▶ [Your instructions]
The line that contains "Ebony Twilight Metallic" marks the end: retype the data below exactly from its first line through that line.

▶ [Information given]

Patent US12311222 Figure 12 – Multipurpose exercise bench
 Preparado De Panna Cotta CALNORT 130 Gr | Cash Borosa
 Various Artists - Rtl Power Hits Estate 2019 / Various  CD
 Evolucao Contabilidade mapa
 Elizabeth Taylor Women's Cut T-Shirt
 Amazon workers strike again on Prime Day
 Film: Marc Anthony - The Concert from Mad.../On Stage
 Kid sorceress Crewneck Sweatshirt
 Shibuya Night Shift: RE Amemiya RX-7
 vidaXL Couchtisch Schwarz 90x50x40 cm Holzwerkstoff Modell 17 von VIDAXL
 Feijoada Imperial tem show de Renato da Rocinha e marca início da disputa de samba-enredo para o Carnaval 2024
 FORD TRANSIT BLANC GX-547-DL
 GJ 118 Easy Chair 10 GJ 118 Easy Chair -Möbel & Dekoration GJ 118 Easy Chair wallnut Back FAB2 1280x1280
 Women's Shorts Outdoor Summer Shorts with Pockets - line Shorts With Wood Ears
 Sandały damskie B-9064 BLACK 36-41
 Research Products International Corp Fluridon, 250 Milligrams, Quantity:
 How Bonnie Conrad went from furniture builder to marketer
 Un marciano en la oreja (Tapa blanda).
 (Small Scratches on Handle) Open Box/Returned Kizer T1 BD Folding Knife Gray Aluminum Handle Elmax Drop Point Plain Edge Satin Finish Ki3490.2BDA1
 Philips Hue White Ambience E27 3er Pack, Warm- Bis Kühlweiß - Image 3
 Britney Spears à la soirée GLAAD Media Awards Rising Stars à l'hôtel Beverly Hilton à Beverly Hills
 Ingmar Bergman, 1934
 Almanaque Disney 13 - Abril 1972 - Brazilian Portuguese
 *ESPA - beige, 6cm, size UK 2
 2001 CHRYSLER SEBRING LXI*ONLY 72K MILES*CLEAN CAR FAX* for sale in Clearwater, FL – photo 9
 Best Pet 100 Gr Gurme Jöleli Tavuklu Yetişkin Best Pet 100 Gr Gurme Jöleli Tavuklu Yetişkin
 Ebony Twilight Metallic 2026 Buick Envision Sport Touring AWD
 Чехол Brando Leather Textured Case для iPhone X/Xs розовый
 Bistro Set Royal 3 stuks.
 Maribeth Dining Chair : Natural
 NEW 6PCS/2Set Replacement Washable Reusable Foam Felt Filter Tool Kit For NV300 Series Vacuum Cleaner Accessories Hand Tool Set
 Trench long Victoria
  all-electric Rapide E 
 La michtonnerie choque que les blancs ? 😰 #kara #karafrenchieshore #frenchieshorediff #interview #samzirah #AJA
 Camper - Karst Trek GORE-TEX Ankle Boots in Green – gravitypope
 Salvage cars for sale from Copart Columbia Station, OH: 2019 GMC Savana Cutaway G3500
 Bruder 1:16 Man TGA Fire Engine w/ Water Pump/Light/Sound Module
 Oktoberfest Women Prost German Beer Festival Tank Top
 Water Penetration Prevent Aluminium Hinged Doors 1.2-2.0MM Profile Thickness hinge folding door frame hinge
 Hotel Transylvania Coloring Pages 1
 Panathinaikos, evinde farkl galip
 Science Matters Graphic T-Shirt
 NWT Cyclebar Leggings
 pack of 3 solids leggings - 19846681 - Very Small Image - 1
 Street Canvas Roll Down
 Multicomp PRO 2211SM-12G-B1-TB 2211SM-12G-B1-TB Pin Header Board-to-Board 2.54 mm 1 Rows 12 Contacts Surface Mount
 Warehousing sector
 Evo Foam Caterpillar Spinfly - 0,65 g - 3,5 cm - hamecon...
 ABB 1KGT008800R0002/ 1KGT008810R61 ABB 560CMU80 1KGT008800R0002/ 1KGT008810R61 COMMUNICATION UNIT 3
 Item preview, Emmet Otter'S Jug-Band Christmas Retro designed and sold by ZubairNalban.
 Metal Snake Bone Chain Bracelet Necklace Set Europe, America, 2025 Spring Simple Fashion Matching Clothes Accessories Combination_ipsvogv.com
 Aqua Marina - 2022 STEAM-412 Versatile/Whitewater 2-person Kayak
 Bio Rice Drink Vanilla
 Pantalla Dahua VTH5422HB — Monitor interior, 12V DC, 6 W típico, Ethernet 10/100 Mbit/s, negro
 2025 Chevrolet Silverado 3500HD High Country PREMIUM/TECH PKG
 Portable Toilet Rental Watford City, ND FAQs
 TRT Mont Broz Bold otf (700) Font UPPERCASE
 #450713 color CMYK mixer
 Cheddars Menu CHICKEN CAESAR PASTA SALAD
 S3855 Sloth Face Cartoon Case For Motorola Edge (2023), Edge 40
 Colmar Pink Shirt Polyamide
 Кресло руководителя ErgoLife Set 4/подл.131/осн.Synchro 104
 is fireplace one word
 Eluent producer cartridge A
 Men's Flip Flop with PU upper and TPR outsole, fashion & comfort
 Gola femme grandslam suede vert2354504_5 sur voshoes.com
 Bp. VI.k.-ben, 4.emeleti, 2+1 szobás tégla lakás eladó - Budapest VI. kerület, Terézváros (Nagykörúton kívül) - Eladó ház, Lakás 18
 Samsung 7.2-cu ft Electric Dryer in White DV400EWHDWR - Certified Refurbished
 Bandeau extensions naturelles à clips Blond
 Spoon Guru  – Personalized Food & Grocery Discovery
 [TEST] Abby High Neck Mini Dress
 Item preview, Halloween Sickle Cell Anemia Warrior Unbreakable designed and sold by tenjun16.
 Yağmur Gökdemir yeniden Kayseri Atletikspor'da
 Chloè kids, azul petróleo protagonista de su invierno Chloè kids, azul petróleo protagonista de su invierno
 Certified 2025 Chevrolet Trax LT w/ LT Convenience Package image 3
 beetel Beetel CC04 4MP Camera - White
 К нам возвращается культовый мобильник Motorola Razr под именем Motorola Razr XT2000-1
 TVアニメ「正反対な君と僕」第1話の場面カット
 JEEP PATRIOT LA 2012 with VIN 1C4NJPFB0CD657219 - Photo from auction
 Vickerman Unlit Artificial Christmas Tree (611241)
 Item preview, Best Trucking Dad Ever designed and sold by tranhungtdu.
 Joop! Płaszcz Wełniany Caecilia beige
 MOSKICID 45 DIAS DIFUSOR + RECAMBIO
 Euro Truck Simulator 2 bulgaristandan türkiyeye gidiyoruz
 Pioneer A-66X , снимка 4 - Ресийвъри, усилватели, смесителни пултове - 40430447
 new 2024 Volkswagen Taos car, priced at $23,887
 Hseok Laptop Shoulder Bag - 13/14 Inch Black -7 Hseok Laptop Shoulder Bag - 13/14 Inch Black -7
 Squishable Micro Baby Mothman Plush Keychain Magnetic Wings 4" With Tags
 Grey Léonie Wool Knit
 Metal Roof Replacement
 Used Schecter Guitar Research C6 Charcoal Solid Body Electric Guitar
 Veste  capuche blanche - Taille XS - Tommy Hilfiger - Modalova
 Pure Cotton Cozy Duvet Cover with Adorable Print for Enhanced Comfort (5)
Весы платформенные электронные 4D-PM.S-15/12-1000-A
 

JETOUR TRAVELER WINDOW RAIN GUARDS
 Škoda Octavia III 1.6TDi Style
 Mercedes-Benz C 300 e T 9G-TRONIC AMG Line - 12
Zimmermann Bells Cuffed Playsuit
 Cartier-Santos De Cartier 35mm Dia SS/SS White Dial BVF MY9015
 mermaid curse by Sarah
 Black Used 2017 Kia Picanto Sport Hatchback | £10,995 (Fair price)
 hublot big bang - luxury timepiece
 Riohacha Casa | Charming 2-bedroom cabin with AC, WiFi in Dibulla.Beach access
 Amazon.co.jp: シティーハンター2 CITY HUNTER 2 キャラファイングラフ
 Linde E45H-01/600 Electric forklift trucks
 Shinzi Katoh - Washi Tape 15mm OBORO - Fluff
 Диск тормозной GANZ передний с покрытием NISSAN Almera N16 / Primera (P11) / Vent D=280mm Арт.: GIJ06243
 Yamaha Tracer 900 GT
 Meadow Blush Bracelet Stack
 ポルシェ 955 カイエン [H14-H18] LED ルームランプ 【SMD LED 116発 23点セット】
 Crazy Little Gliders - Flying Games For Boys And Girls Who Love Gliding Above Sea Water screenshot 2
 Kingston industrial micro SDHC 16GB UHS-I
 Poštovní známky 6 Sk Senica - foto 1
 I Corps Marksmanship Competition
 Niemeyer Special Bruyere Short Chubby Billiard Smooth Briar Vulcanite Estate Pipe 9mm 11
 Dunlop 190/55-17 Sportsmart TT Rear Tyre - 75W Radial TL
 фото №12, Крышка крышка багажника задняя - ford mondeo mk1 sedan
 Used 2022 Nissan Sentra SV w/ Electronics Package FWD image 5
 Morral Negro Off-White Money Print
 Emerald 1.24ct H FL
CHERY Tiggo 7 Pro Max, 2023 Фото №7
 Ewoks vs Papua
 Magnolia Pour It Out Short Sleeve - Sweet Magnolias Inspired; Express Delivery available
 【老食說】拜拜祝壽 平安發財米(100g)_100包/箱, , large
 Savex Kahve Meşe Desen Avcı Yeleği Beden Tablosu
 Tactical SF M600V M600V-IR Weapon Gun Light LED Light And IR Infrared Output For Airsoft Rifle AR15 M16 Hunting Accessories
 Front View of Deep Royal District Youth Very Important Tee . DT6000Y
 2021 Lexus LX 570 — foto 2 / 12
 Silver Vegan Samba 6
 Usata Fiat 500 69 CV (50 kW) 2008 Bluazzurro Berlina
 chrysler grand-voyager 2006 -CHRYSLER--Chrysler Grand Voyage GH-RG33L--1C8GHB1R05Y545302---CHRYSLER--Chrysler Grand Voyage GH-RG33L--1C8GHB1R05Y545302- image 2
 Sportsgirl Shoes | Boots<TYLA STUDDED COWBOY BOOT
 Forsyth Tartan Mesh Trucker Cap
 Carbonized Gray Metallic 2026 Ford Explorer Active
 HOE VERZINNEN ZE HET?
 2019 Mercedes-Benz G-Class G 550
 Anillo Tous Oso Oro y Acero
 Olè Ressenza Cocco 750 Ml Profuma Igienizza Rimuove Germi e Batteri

▶ [Written response]
Patent US12311222 Figure 12 – Multipurpose exercise bench
 Preparado De Panna Cotta CALNORT 130 Gr | Cash Borosa
 Various Artists - Rtl Power Hits Estate 2019 / Various  CD
 Evolucao Contabilidade mapa
 Elizabeth Taylor Women's Cut T-Shirt
 Amazon workers strike again on Prime Day
 Film: Marc Anthony - The Concert from Mad.../On Stage
 Kid sorceress Crewneck Sweatshirt
 Shibuya Night Shift: RE Amemiya RX-7
 vidaXL Couchtisch Schwarz 90x50x40 cm Holzwerkstoff Modell 17 von VIDAXL
 Feijoada Imperial tem show de Renato da Rocinha e marca início da disputa de samba-enredo para o Carnaval 2024
 FORD TRANSIT BLANC GX-547-DL
 GJ 118 Easy Chair 10 GJ 118 Easy Chair -Möbel & Dekoration GJ 118 Easy Chair wallnut Back FAB2 1280x1280
 Women's Shorts Outdoor Summer Shorts with Pockets - line Shorts With Wood Ears
 Sandały damskie B-9064 BLACK 36-41
 Research Products International Corp Fluridon, 250 Milligrams, Quantity:
 How Bonnie Conrad went from furniture builder to marketer
 Un marciano en la oreja (Tapa blanda).
 (Small Scratches on Handle) Open Box/Returned Kizer T1 BD Folding Knife Gray Aluminum Handle Elmax Drop Point Plain Edge Satin Finish Ki3490.2BDA1
 Philips Hue White Ambience E27 3er Pack, Warm- Bis Kühlweiß - Image 3
 Britney Spears à la soirée GLAAD Media Awards Rising Stars à l'hôtel Beverly Hilton à Beverly Hills
 Ingmar Bergman, 1934
 Almanaque Disney 13 - Abril 1972 - Brazilian Portuguese
 *ESPA - beige, 6cm, size UK 2
 2001 CHRYSLER SEBRING LXI*ONLY 72K MILES*CLEAN CAR FAX* for sale in Clearwater, FL – photo 9
 Best Pet 100 Gr Gurme Jöleli Tavuklu Yetişkin Best Pet 100 Gr Gurme Jöleli Tavuklu Yetişkin
 Ebony Twilight Metallic 2026 Buick Envision Sport Touring AWD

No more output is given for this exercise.